Protestors have accused the police of employing brutal tactics as they try to disperse them. Police have frequently fired at protestors.

Protestors have accused the police of employing brutal tactics as they try to disperse them. Police have frequently fired at protestors.

More than 20 anti-3rd term protestors appeared before the high court of Bujumbura, some alleging to have been tortured while in police custody.

The protestors were rounded up in the early days of anti-President Pierre Nkurunziza protestors in May and June.

Some of the suspects say they were forced to confess to confess to law breaking before criminal investigation officers.

Lawyers confirm these allegations and urge Burundian police to refrain from torturing detainees, as confession under duress is illegal.

“I saw many who were forced to confess. Some were captured on the streets without being in protests, others were arrested as they had paid visit to their friends in police jails, these were beaten into admitting offenses they did not commit,” Renovat Ciza, one of the lawyers representing the protestors.
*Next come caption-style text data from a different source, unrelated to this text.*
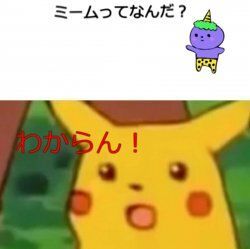 ミーム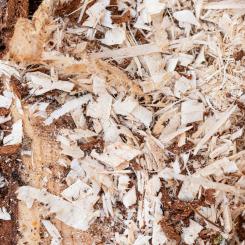 Sågspån. Foto:  Marek Studzinski / Unsplash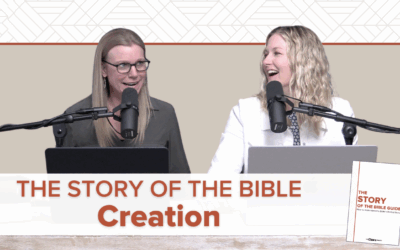 NEW PODCAST | The Story of the Bible: Creation
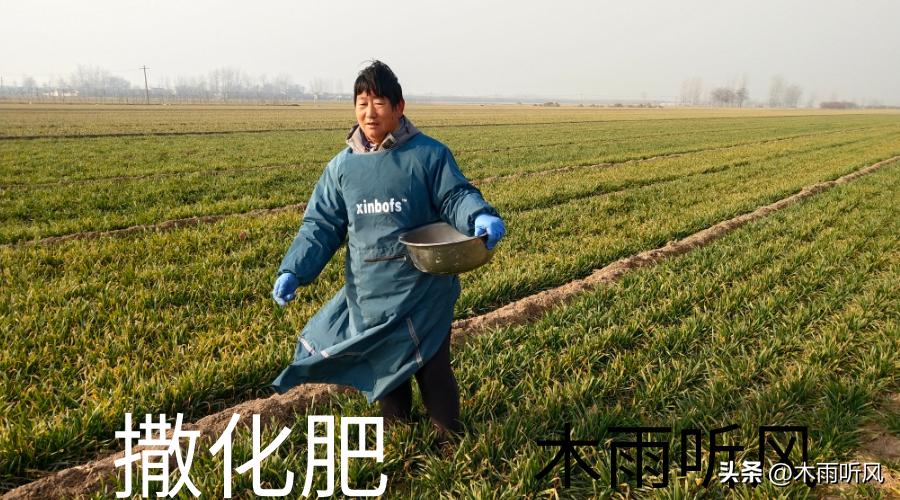 种小麦麦种用少了怎么办,小麦出苗后麦黄麦弱怎么办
“This is a pure lie, Burundi police no longer torture detainees,” Pierre Nkurikiye, the police spokesman refuted protestors’ claims.

Meanwhile, protests against the third term have been completely suppressed by the police, but the situation is still tense in Bujumbura neighborhoods.

Many residents continue to flee their homes, it’s rare to spend a day or night without hearing at least one gunshot or grenade explosion.

General Leonard Ngendakumana, the deputy to the leader of the May 13 thwarted coup against Nkurunziza has revealed the renegade generals are behind the string of recent grenade attacks that have paralyzed the capital Bujumbura and other parts of the county.

In an interview with Kenya Television Network (KTN) Sunday July 5, Gen. Ngendakumana, said their disastrous failure in the attempted coup has motivated them to resort to grenade attacks as a way to force President Nkurunziza to change his mind about running for the third term.